Image-text web data:
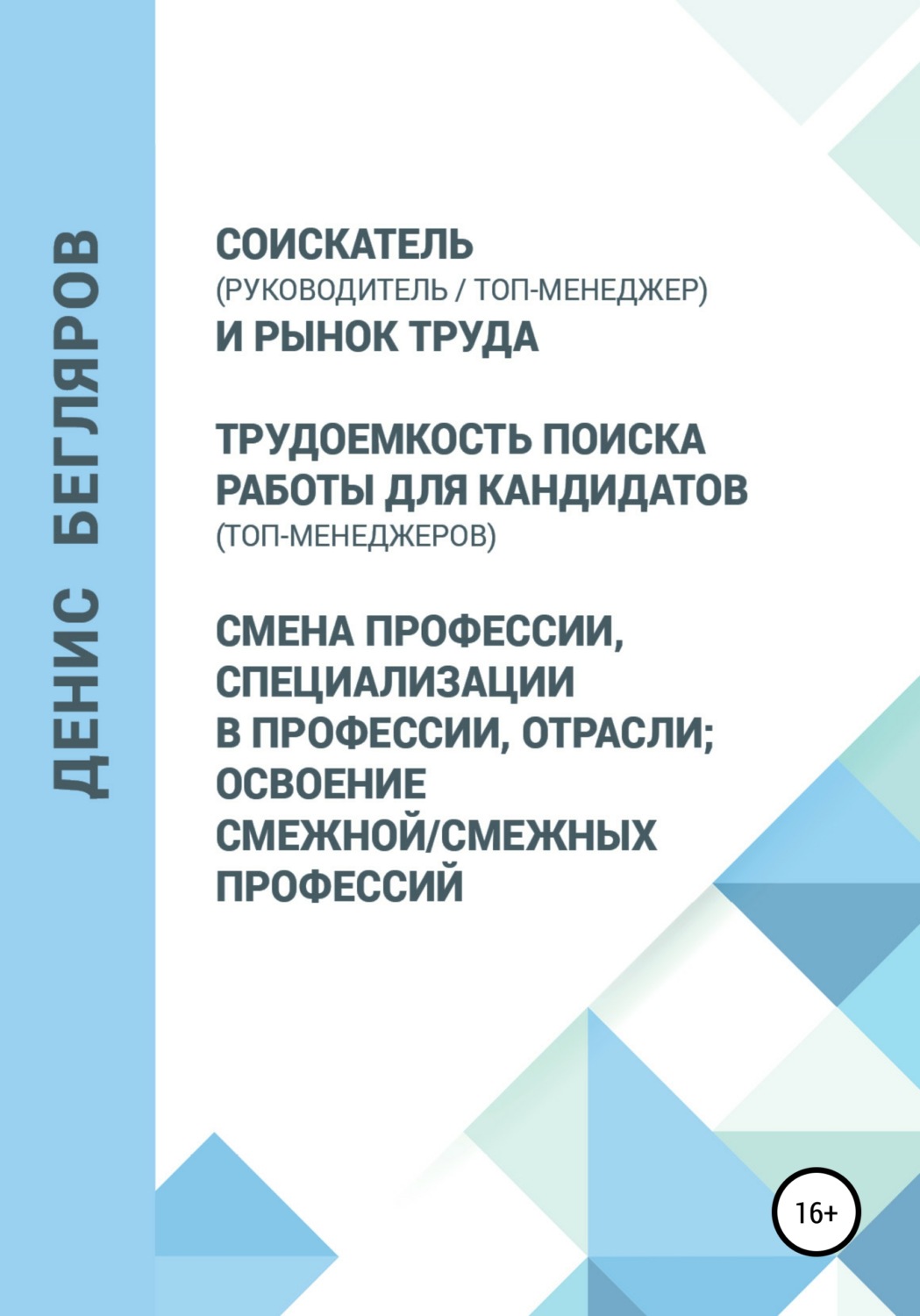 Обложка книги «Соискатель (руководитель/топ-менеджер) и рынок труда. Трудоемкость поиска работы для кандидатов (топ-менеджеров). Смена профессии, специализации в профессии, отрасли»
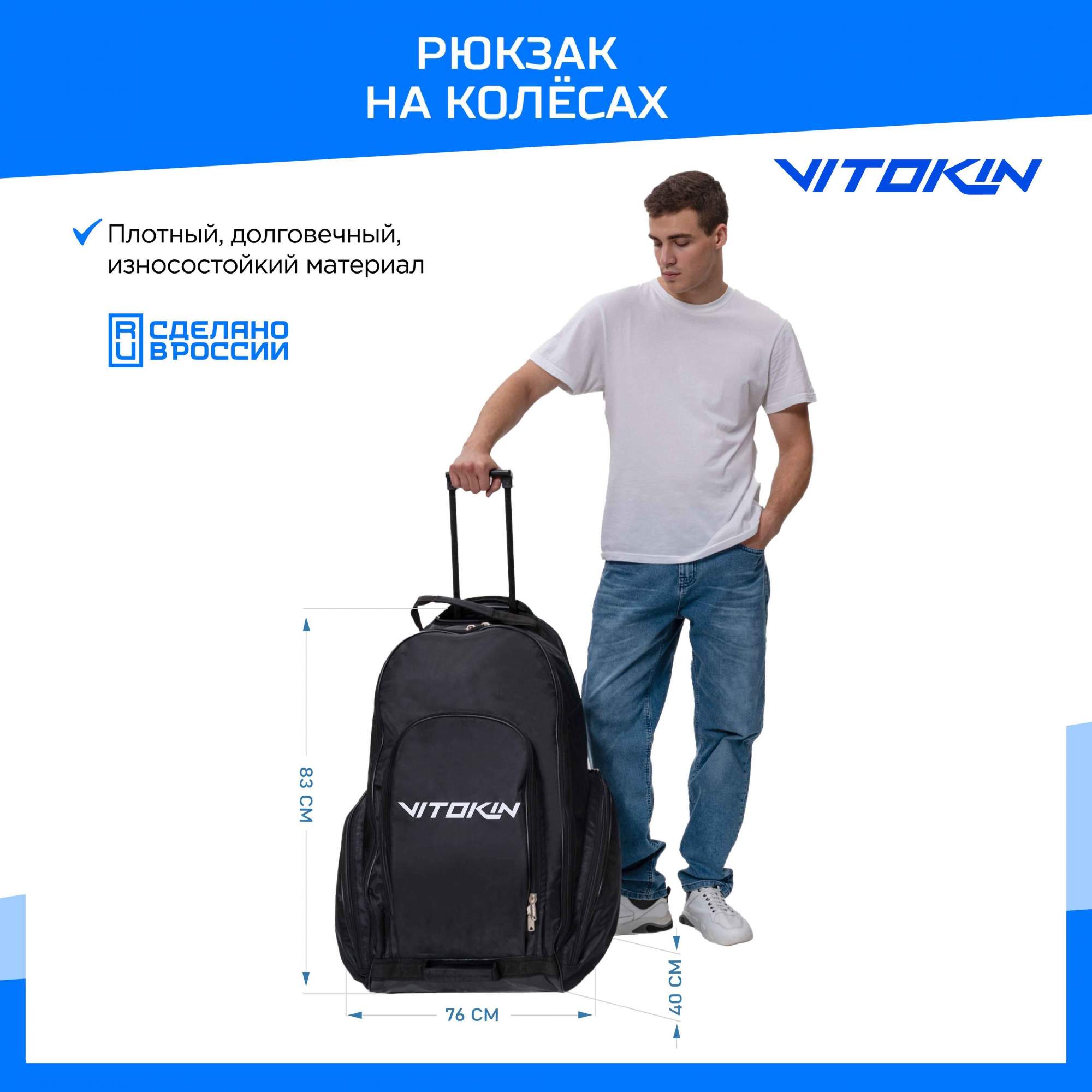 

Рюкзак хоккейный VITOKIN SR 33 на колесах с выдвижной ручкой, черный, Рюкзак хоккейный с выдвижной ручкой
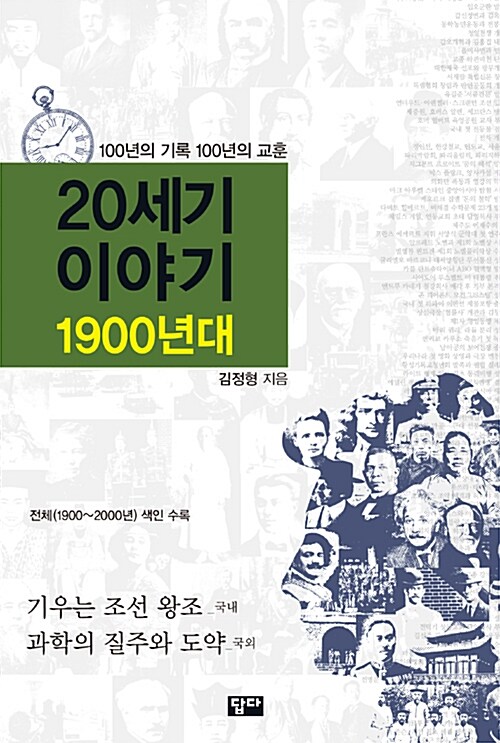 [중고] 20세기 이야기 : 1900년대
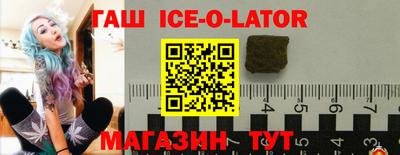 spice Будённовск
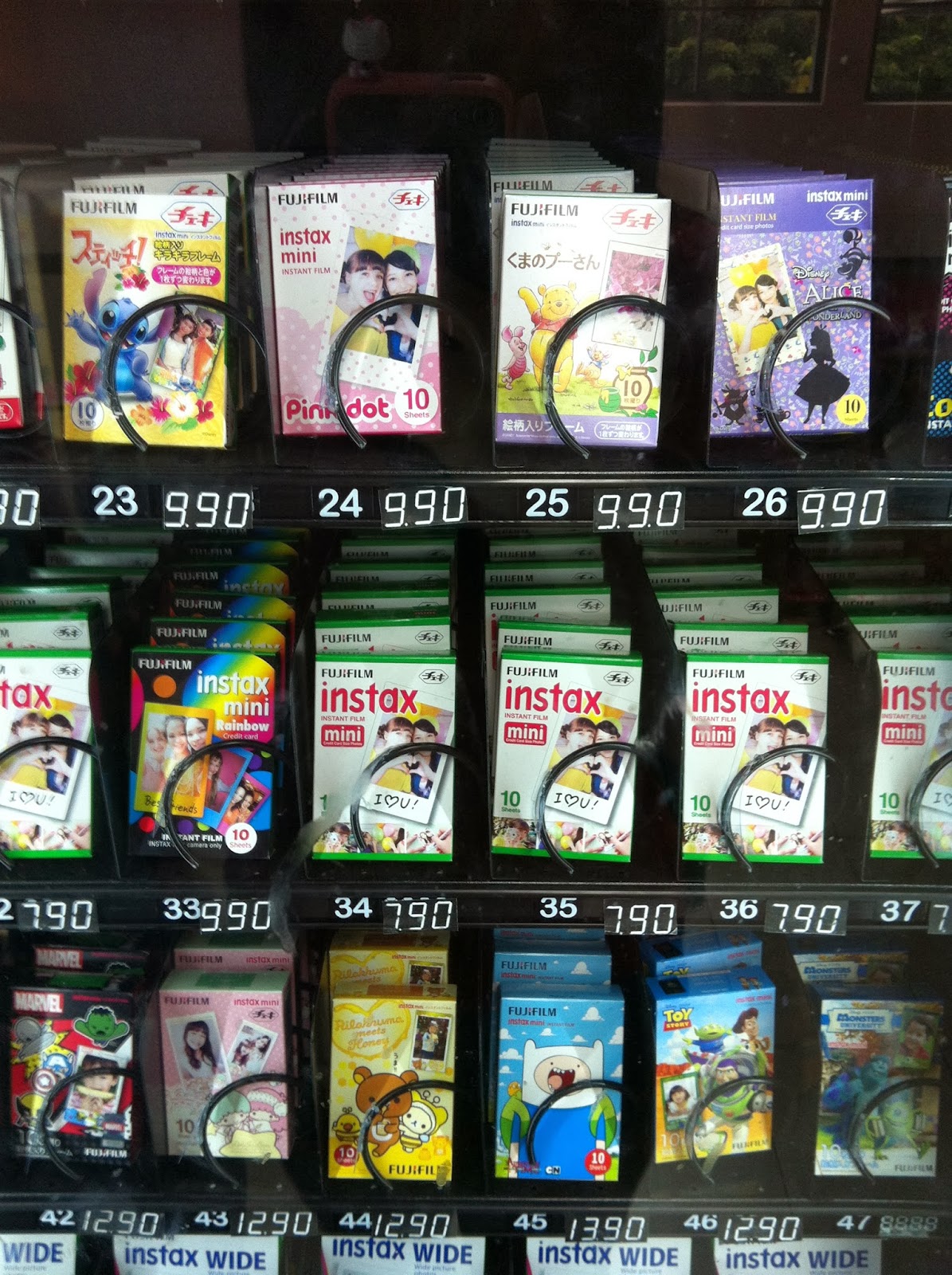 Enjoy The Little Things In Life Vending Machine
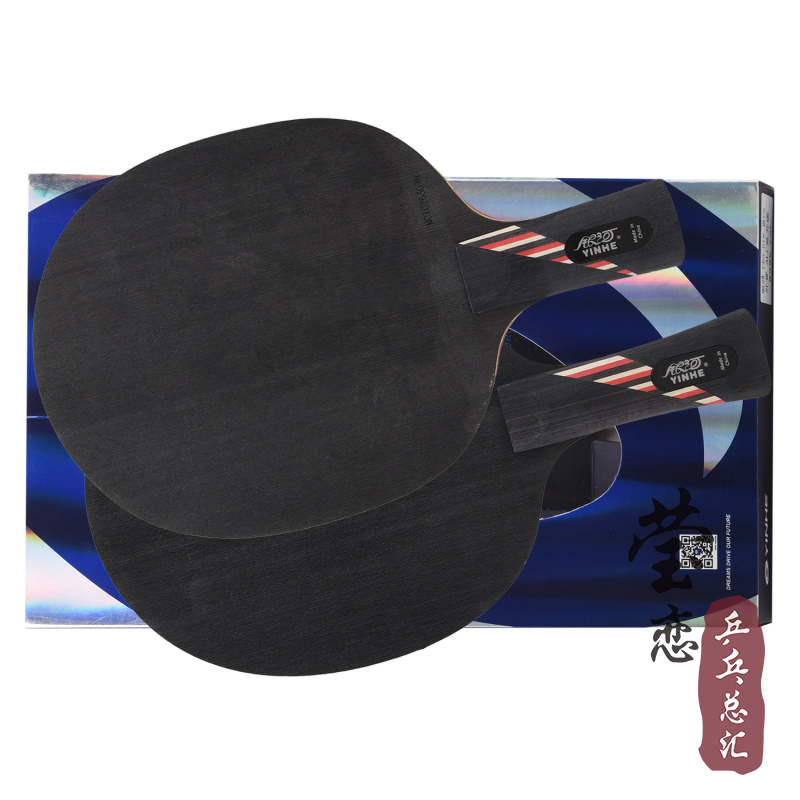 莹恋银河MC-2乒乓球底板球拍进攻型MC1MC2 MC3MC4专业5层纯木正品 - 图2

YOUR TASK:
Only the lines from the line with "Рюкзак хоккейный VITOKIN" through the end of the entries above, copied exactly and with both ends included, belong in the response; the pictures do not.

REPLY:
Рюкзак хоккейный VITOKIN SR 33 на колесах с выдвижной ручкой, черный, Рюкзак хоккейный с выдвижной ручкой
 [중고] 20세기 이야기 : 1900년대
 spice Будённовск
 Enjoy The Little Things In Life Vending Machine
 莹恋银河MC-2乒乓球底板球拍进攻型MC1MC2 MC3MC4专业5层纯木正品 - 图2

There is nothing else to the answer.